Areas covered: The efficacy and safety of alirocumab has been initially evaluated in a comprehensive phase 3 program conducted in more than 6 000 patients with primary non-familial and heterozygous familial hypercholesterolemia: alirocumab reduced LDL-cholesterol up to 62% in phase 3 with every 2-week dosing compared with placebo, and up to 36% compared with ezetimibe, with an excellent safety and tolerability profile. Herein, the author describes new efficacy and safety data obtained from complementary analyses of the phase 3 program submitted for approval and reports data from new specific trials.

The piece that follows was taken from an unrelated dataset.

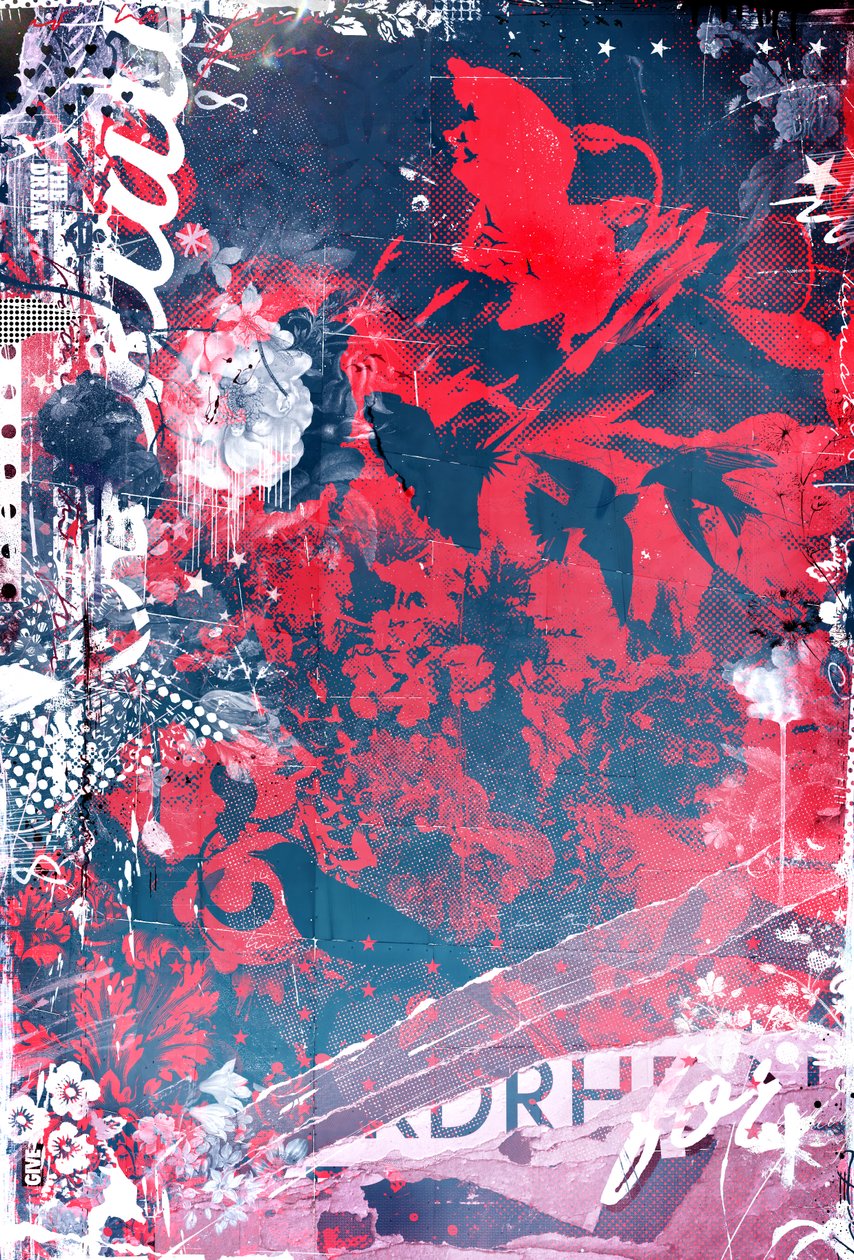 Para além do Lazer, 2015 (Colagem sobre tela) de Teis Albers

Expert commentary: Based on current high pricing, the patient groups prioritized for alirocumab treatment are patients with heterozygous familial hypercholesterolemia and patients with atherosclerotic cardiovascular disease who have substantially elevated LDL cholesterol on maximally tolerated statin plus ezetimibe therapy. The ongoing ODYSSEY OUTCOMES trial will provide important information on the cost-effectiveness of alirocumab treatment.
Declaration of interest
M Farnier receives grant/research support, speaker’s honoraria or is a consultant/advisor for Abbot, Akcea/Ionis, Amgen, AstraZeneca, Eli Lilly, Kowa, Merck and Co, Mylan, Pfizer, Sanofi/Regeneron and Servier. The author has no other relevant affiliations or financial involvement with any organization or entity with a financial interest in or financial conflict with the subject matter or materials discussed in the manuscript apart from those disclosed. Peer reviewers on this manuscript have no relevant financial or other relationships to disclose.